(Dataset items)
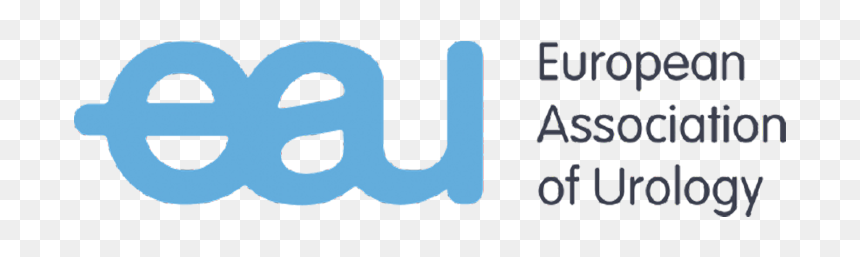 European Urology Guidelines, HD Png Download - shockwave effect png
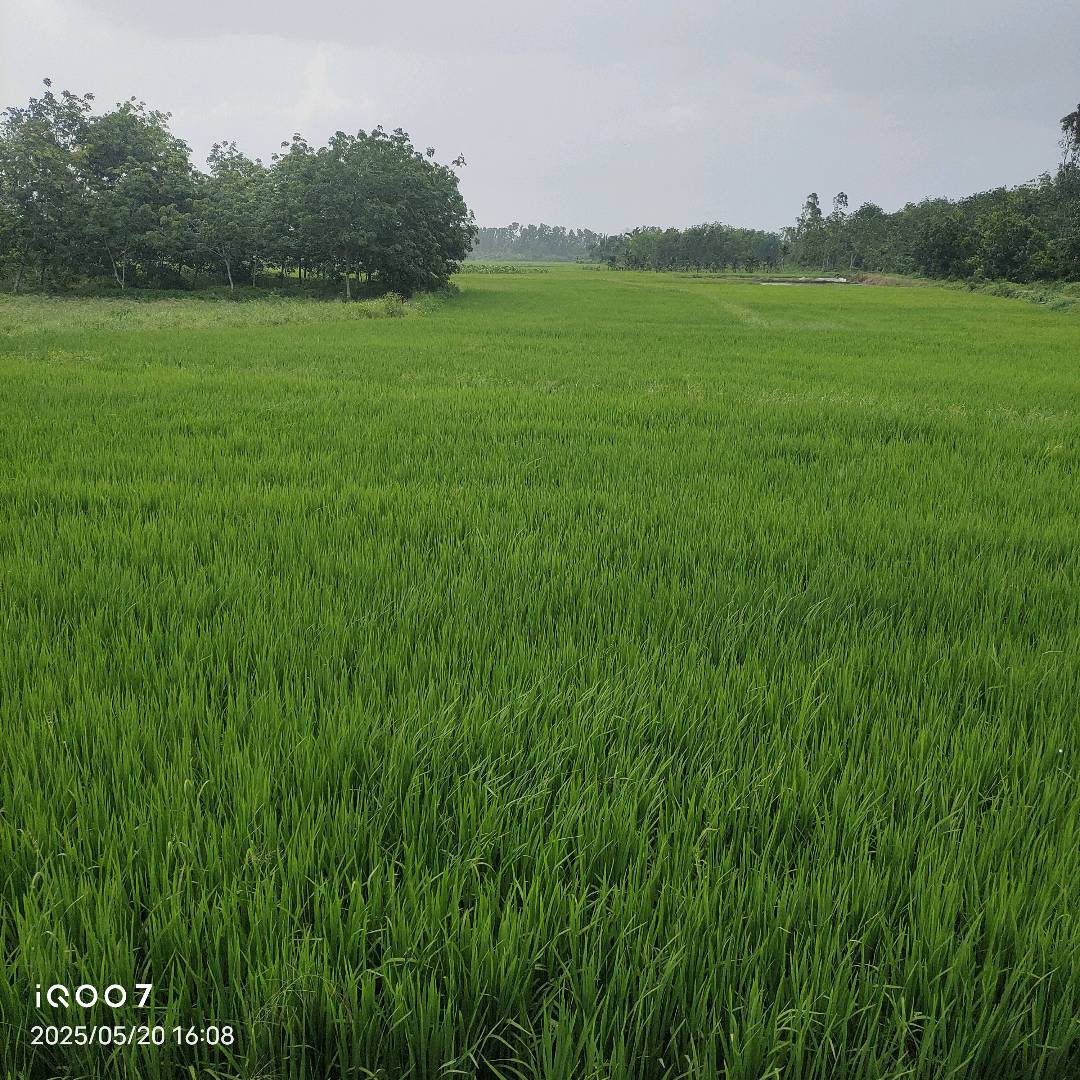水稻根结线虫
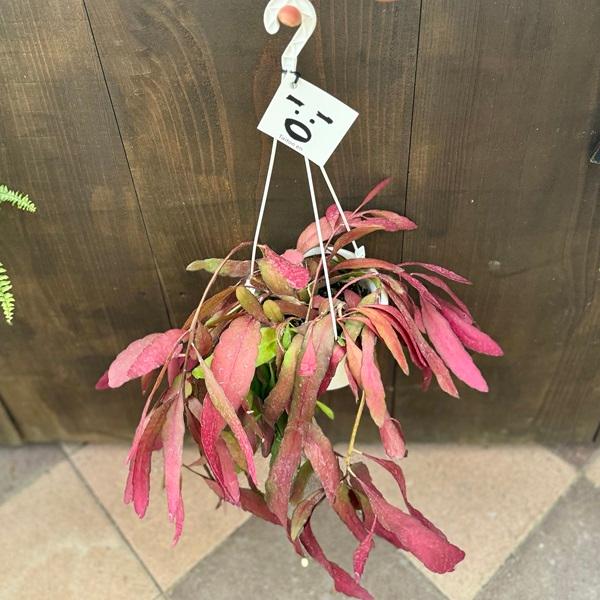 おしゃれ 観葉植物：リプサリス ラムローサ レッドコーラル*5号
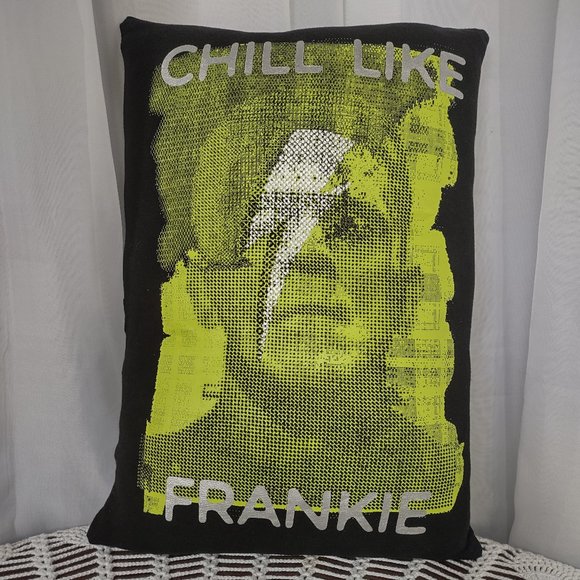 Rag Frog Revival Throw pillow COVER ONLY made from Upcycled T-shirt size 11"x14" - Picture 3 of 4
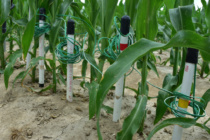 Where should I install my soil moisture sensors?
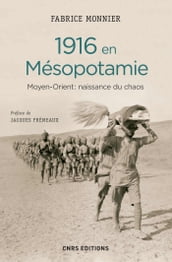 1916 en Mésopotamie. Moyen Orient : naissance du chaos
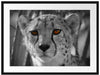 Gepard im Dschungel Passepartout 80x60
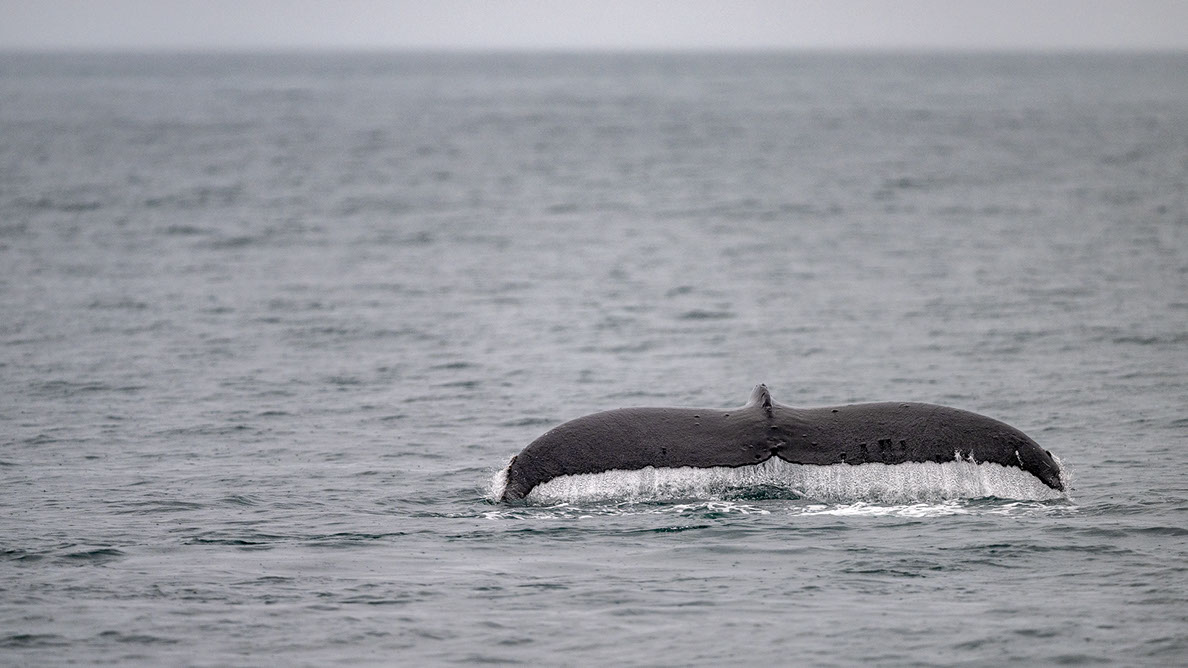 Bartgeier Bartgeier, Gypaète Barbu, Quebrantahuesos, Lämmergeier, Lammergeier,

▶ _TASK TO COMPLETE_
Copy only the lines running from the one that holds "Gepard im Dschungel Passepartout 80x60" through the last line of the data, and include both of those lines. Do not copy any pictures.

▶ _RESPONSE AREA_
 Gepard im Dschungel Passepartout 80x60
 Bartgeier Bartgeier, Gypaète Barbu, Quebrantahuesos, Lämmergeier, Lammergeier,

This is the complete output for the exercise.